Earlier in his career, Corbyn worked in trade unions, as an official for the National Union of Tailors and Garment Workers to be precise. At North London Polytechnic, he began a trade union course, however he left after a year without a degree after arguments with tutors.


In 1982, Corbyn was selected as candidate running for the constituency of Islington North. After winning the seat, Corbyn immediately joined a socialist campaign group. He also began to campaign against the apartheid in South Africa and was arrested for rallying outside the High Commission of South Africa.

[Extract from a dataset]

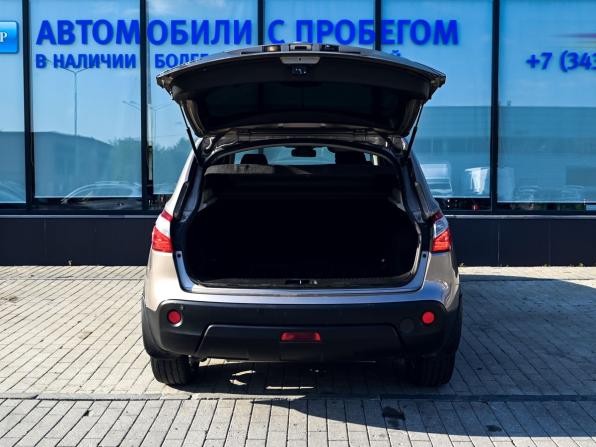 Nissan Qashqai I Рестайлинг с пробегом 2011 года, цена 889 000 рублей, 249500 км, внедорожник, Автокод Объявления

A lot has been mentioned of Corbyn’s Sinn Fein links, and indeed Corbyn did try to develop links with Sinn Fein’s first MP, Gerry Adams. Furthermore, he was arrested in 1986 for protesting against the imprisonment of the ‘Brighton Bombers’, stating that he was ‘happy to commemorate all those who died fighting for an independent Ireland’. The MI5 had opened a case on Corbyn, as they had feared for ‘national security’ and feared that Corbyn was ‘undermining democracy’.


Corbyn during the Labour government was something of a rebel, continuously being pushed to the backbench as Blair, and then Brown, both strived for a ‘New Labour’, one with more centrist values. Corbyn was the Member of Parliament who voted most against the Labour whip, defying the whip a staggering four hundred and twenty-eight times in the span of thirteen years. He consistently opposed the war in Afghanistan, on the steering committee of the Stop the War Coalition. He helped organise the February anti-Iraq War protest which was claimed to be the largest such protest in British political history.

Corbyn became leader of the Opposition in 2015, and has since been seen as a representative for the lower class fighting against Cameron, and then May governments. In the recent General Election of May 2017, Corbyn’s Labour were seen as weak opposition, trailing the Conservatives by some twenty-five points in opinion polls. However, policies such as scrapping tuition fees and investing in the NHS led to his party gaining grassroots support, and leading there to be a Hung Parliament with no outright majority even though the Conservatives were still the largest party. Labour itself made its highest seat increase since 1945, when Attlee’s Labour had actually won the election.

 So what next for Corbyn? With Theresa May’s government becoming increasingly scrutinised, will Britain’s left-wing be seen as the answer – and  will we soon be seeing Jeremy Corbyn in Downing Street?